Guten Morgen, ihr Lieben,

vergangene Woche habe ich beschlossen, für eine Zeitlang unsichtbar sein zu wollen. Zumindest im Rahmen meiner Möglichkeiten.

Ich habe den Doppel-Blues: Der Herbst und Corona besetzen meine Seele und lassen mich erstarren wie Kai aus dem Märchen „Die Schneekönigin“. Seit Wochen finde ich morgens kaum aus dem Bett, möchte nicht zur Arbeit gehen, bin permanent niedergeschlagen und antriebslos, zwinge mich, meinen Job zu tun, schaffe davon nur ein Quäntchen, will am liebsten nach Hause gehen, kriege dort den Haushalt nur minimal geregelt und schleppe mich am Abend so zeitig wie möglich zurück unter die Bettdecke. Ich mag nicht reden. Weder persönlich noch telefonisch. Ich verschließe mich komplett. Meine Kreativität liegt auf Eis. Angefangene Zeichnungen, Passepartouts und leere Bilderrahmen häufen sich auf meinem Schreibtisch. Die Adventsbäckerei: Ich mag nicht.

Unsichtbar sein: das Profilbild und den Status im Messenger ausblenden, das Handy ausschalten, soziale Kontakte einstellen, unscheinbare Kleidung anziehen und (seit Jahren das erste Mal) ungeschminkt ins Büro fahren. Denn wozu?

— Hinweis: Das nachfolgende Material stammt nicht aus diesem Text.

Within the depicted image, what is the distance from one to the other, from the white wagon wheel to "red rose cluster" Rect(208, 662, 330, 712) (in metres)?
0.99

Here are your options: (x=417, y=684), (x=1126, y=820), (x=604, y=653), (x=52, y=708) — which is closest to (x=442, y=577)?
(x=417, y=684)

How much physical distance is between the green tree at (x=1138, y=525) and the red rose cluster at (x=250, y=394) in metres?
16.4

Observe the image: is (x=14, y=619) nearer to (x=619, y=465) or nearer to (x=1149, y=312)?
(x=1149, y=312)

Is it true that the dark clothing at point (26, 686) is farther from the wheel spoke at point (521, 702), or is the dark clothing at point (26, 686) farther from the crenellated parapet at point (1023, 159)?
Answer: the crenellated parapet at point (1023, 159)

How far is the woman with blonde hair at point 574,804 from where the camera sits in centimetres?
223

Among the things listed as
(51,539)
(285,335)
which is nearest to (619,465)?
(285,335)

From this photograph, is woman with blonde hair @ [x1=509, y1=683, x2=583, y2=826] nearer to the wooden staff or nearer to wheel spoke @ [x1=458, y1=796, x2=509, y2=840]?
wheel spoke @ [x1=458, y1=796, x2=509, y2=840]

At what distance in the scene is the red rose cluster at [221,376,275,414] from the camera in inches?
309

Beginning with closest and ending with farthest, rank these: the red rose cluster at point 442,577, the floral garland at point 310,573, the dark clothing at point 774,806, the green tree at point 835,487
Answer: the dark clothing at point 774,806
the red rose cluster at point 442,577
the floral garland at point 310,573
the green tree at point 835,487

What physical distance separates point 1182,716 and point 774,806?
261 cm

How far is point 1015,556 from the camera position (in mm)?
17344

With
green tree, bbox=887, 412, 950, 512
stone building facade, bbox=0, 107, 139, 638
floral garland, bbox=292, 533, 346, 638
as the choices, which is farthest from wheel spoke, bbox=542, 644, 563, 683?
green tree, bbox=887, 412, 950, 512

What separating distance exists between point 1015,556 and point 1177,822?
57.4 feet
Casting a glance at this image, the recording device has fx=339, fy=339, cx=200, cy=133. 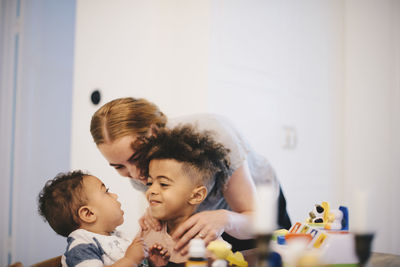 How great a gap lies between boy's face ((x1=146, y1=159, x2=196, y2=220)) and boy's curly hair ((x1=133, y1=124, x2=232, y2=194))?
0.02 metres

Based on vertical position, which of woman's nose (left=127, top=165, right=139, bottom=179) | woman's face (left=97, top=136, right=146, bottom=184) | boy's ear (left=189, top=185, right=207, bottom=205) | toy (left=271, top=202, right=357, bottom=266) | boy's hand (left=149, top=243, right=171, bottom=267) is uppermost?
woman's face (left=97, top=136, right=146, bottom=184)

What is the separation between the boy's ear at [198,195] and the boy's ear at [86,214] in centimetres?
23

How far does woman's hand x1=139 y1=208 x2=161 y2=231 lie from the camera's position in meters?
0.82

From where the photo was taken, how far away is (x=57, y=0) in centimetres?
102

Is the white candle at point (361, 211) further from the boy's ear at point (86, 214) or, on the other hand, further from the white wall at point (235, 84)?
the boy's ear at point (86, 214)

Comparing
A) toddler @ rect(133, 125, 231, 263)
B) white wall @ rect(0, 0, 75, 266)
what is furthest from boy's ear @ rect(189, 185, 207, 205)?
white wall @ rect(0, 0, 75, 266)

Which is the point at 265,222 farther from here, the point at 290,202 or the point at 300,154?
the point at 300,154

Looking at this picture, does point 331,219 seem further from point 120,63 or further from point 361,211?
point 120,63

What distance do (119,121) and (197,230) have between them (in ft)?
1.09

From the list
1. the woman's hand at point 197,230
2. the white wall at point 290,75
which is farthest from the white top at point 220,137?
the white wall at point 290,75

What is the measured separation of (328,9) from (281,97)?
2.24 ft

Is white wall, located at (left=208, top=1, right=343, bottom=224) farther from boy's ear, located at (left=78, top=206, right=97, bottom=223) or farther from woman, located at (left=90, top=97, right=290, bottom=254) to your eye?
boy's ear, located at (left=78, top=206, right=97, bottom=223)

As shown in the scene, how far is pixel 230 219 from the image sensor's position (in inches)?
33.6

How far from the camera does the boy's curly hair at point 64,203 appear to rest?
0.71 m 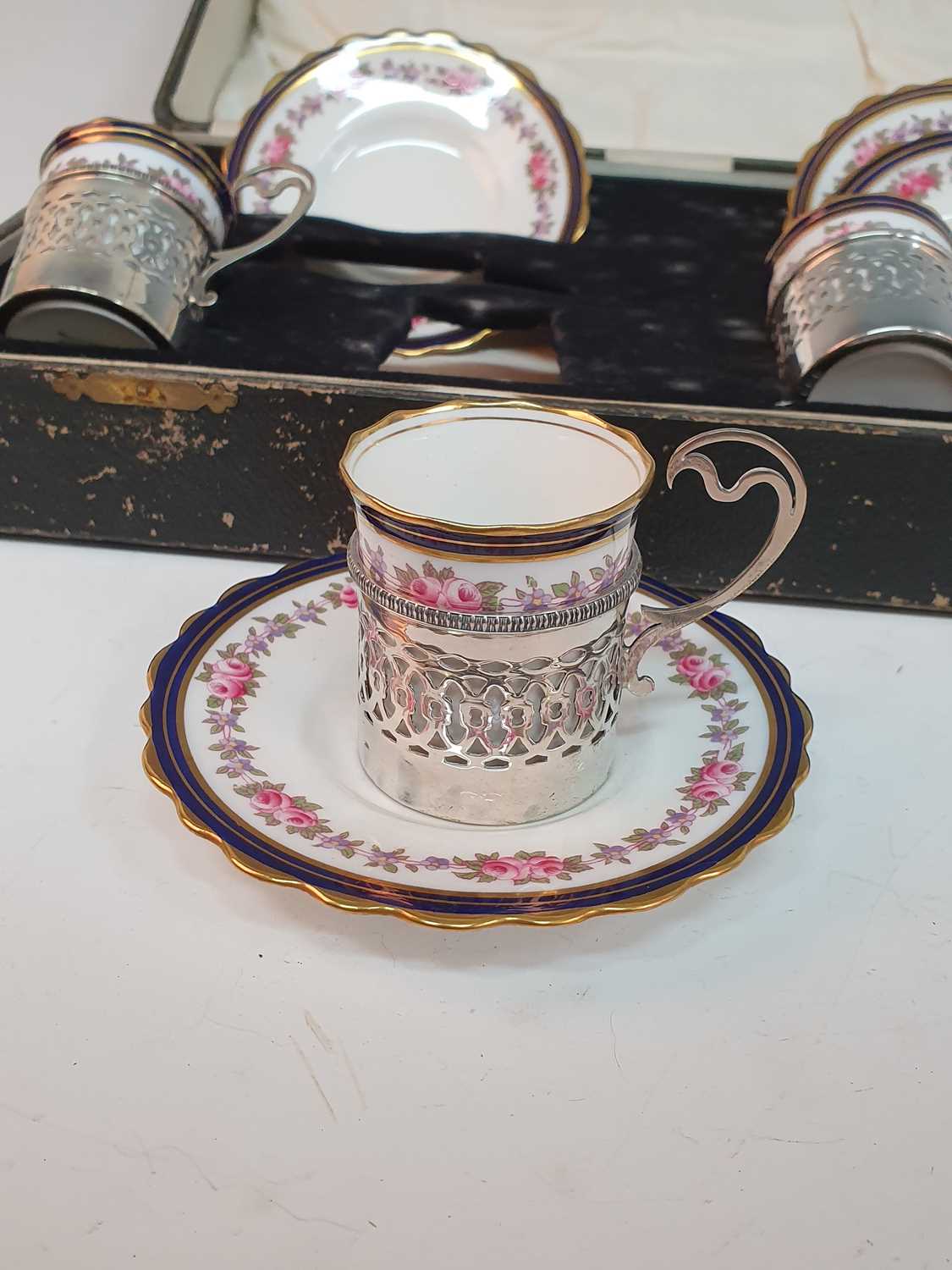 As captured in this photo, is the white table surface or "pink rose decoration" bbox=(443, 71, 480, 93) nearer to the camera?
the white table surface

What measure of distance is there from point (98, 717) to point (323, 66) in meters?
0.64

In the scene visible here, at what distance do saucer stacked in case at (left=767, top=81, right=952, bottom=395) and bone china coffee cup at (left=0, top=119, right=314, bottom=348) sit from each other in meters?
0.32

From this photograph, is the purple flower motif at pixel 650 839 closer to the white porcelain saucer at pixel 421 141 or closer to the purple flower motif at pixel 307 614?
the purple flower motif at pixel 307 614

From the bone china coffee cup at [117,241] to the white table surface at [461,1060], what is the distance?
0.31m

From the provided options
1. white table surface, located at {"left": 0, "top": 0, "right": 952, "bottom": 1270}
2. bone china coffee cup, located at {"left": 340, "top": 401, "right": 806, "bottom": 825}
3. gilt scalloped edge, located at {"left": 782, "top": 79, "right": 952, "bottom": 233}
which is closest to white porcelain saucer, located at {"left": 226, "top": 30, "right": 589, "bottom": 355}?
gilt scalloped edge, located at {"left": 782, "top": 79, "right": 952, "bottom": 233}

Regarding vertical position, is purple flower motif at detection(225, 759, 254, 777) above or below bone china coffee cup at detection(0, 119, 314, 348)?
below

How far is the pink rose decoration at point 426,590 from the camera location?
1.61 ft

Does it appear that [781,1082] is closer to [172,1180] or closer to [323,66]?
[172,1180]

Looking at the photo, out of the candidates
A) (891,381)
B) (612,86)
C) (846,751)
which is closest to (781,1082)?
(846,751)

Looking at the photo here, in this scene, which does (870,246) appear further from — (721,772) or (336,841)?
(336,841)

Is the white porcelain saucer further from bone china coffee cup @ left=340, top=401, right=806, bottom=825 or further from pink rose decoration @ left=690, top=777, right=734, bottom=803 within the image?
pink rose decoration @ left=690, top=777, right=734, bottom=803

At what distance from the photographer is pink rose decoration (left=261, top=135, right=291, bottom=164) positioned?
3.42ft

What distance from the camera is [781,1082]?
0.47m

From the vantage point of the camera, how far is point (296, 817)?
20.1 inches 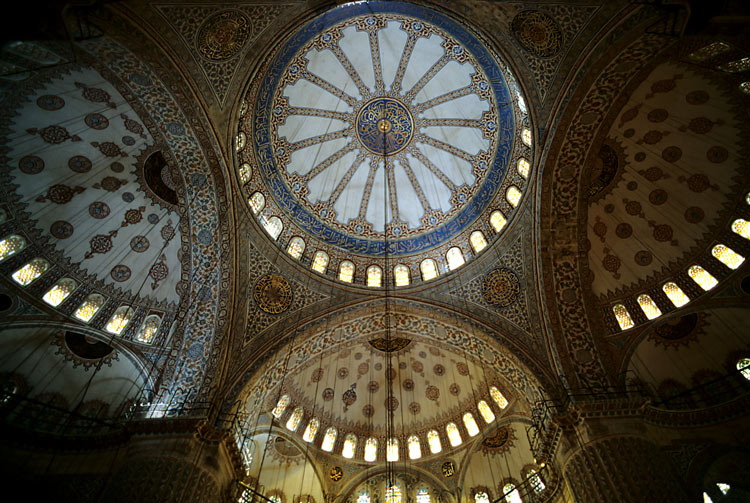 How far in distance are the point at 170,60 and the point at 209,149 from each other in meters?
1.74

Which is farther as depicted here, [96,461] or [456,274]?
[456,274]

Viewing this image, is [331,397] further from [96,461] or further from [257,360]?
[96,461]

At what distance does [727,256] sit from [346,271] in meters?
8.63

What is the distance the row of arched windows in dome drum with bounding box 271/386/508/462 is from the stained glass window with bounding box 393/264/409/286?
3.93m

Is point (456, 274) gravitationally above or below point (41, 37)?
above

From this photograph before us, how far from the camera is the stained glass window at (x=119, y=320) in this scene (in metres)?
8.88

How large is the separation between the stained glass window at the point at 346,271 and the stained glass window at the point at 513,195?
14.9 ft

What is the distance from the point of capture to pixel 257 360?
8641mm

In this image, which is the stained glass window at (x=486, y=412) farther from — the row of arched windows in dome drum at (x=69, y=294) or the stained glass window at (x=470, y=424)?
the row of arched windows in dome drum at (x=69, y=294)

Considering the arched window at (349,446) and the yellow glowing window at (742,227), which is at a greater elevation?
the yellow glowing window at (742,227)

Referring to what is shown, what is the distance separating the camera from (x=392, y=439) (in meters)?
11.0

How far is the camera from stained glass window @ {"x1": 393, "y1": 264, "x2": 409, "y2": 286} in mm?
10555

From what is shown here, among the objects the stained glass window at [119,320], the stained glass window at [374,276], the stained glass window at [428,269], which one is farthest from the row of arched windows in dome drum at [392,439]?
the stained glass window at [119,320]

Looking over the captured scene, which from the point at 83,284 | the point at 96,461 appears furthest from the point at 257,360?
the point at 83,284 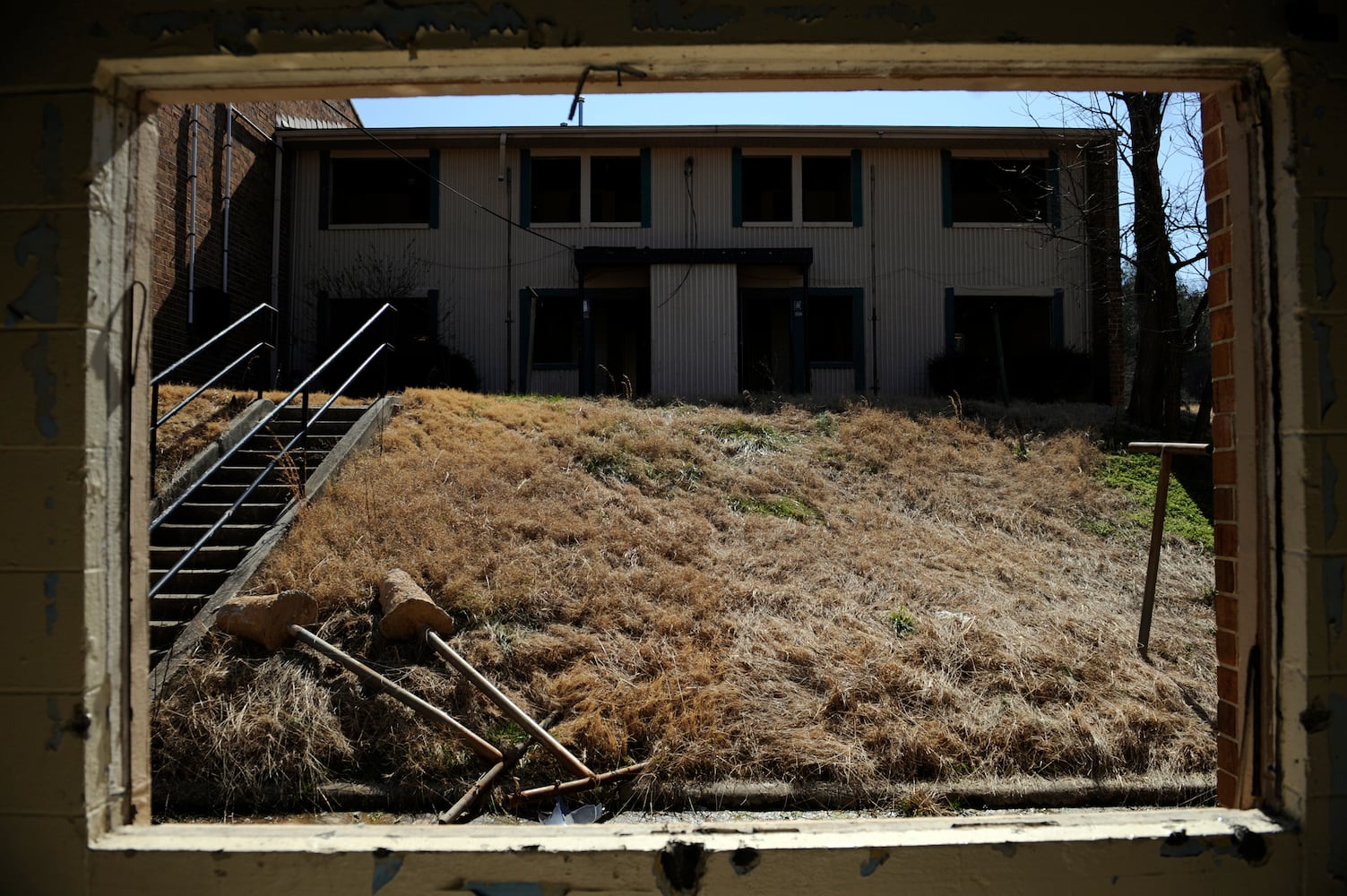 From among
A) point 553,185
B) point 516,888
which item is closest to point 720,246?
point 553,185

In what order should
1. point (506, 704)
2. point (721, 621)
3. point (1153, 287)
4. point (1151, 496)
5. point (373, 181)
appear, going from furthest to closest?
point (373, 181) < point (1153, 287) < point (1151, 496) < point (721, 621) < point (506, 704)

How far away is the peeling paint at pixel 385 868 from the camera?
1.99 m

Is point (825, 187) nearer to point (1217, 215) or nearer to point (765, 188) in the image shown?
point (765, 188)

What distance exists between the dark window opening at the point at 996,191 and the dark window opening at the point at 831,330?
3.04m

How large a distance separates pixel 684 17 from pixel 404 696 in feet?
12.9

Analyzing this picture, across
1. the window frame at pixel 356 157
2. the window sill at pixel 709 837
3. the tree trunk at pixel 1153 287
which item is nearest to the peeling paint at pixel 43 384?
the window sill at pixel 709 837

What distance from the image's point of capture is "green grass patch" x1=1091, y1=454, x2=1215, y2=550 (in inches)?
336

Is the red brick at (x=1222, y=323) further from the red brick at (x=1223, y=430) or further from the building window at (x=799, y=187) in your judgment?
the building window at (x=799, y=187)

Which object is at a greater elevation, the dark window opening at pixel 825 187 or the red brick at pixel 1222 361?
the dark window opening at pixel 825 187

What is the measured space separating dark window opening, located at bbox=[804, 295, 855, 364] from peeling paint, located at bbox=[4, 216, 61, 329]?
15.0 meters

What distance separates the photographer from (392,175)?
679 inches

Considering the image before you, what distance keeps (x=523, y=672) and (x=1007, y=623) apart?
11.2 feet

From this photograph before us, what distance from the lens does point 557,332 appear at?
16938mm

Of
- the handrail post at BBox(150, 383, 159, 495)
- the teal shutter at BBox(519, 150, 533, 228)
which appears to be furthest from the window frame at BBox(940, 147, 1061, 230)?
the handrail post at BBox(150, 383, 159, 495)
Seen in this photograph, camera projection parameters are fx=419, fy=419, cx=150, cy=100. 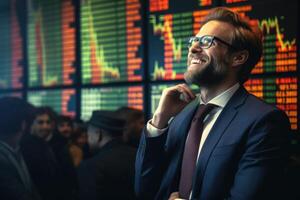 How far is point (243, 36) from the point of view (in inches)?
62.1

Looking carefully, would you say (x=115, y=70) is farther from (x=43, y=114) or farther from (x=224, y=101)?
(x=224, y=101)

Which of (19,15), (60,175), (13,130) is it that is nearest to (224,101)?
(13,130)

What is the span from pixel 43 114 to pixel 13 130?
1356 mm

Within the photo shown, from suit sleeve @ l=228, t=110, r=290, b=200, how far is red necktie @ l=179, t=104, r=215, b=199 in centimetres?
19

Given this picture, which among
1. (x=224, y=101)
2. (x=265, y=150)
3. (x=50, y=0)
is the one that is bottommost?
(x=265, y=150)

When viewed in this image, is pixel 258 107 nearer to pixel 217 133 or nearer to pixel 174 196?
pixel 217 133

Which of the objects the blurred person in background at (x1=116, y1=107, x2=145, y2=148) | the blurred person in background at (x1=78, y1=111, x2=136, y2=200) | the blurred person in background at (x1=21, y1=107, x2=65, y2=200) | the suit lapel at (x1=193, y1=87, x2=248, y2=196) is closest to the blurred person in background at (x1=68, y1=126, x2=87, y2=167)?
the blurred person in background at (x1=21, y1=107, x2=65, y2=200)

Wir tragen alle und überall den Mundschutz, und überhaupt bin ich zu müde, zu lustlos und es ist mir egal.

Nein, nicht alles, denn ich nehme es wahr, es sorgt mich, macht mich hilflos und ich möchte da raus.

Es ist nicht so, dass mir ein solcher Gemütszustand fremd wäre. Selbst in meinen Aufzeichnungen hier gibt es kurze Einträge zum Thema.

Während des Trinkens waren Depressionen mein ständiger Begleiter und immer in Lauerstellung – bereit, mich zu packen und niederzuringen. Das ist nichts Ungewöhnliches für Menschen mit Alkoholproblemen. Depressionen bedingen oftmals Alkoholmissbrauch, Alkohol verstärkt Depressionen. Ein Teufelskreis. Damals war es schlimmer, es ging mir schlechter. Oder anders schlecht. Ich habe die Traurigkeit weggetrunken und bin morgens mit noch mehr Selbsthass erwacht. 2012 bekam ich das erste Mal Antidepressiva verschrieben und später immer mal wieder. Nie für durchgängig, immer nur für einige Monate bis ich mich wieder stabil fühlte. Ich hatte Endzeitgedanken für mich und keine Träume mehr für die Zukunft. Das hat sich seit meiner Nüchternheit zum Glück aufgelöst. Tabletten nehme ich seit dem auch nicht mehr; ich habe alle Restbestände hier weggeworfen mit der festen Absicht: Ich will das so nicht mehr.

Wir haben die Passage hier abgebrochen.